_GOAL OF THE EXERCISE_:
Here is a listing. Write it all out again exactly, but not its pictures.

_SOURCE MATERIAL_:
##############################

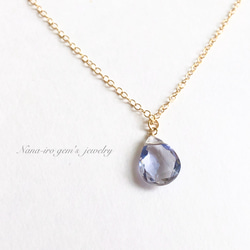 14kgf iolite necklace 4枚目の画像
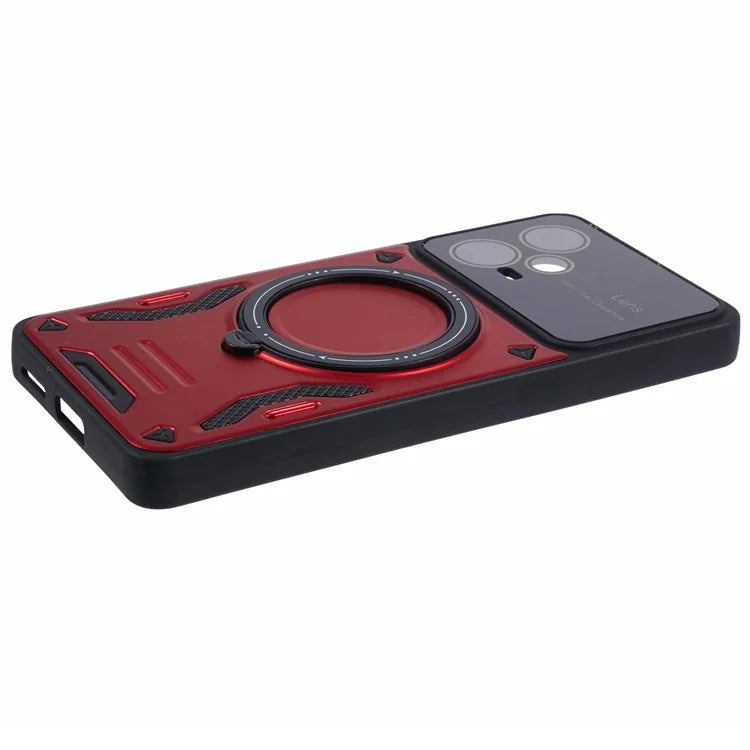 For Xiaomi Redmi Note 12 Pro+ 5G Case PC+TPU Kickstand Phone Cover Compatible with MagSafe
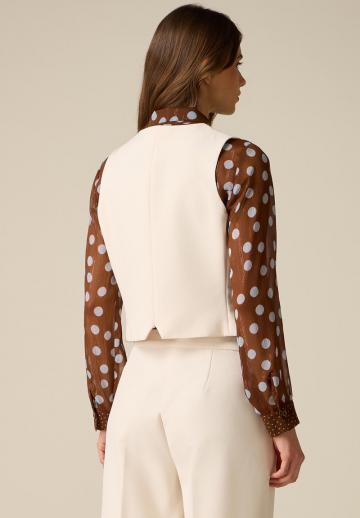 Джинсовая жилетка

##############################

_RESPONSE TO THE TASK_:
 14kgf iolite necklace 4枚目の画像
 For Xiaomi Redmi Note 12 Pro+ 5G Case PC+TPU Kickstand Phone Cover Compatible with MagSafe
 Джинсовая жилетка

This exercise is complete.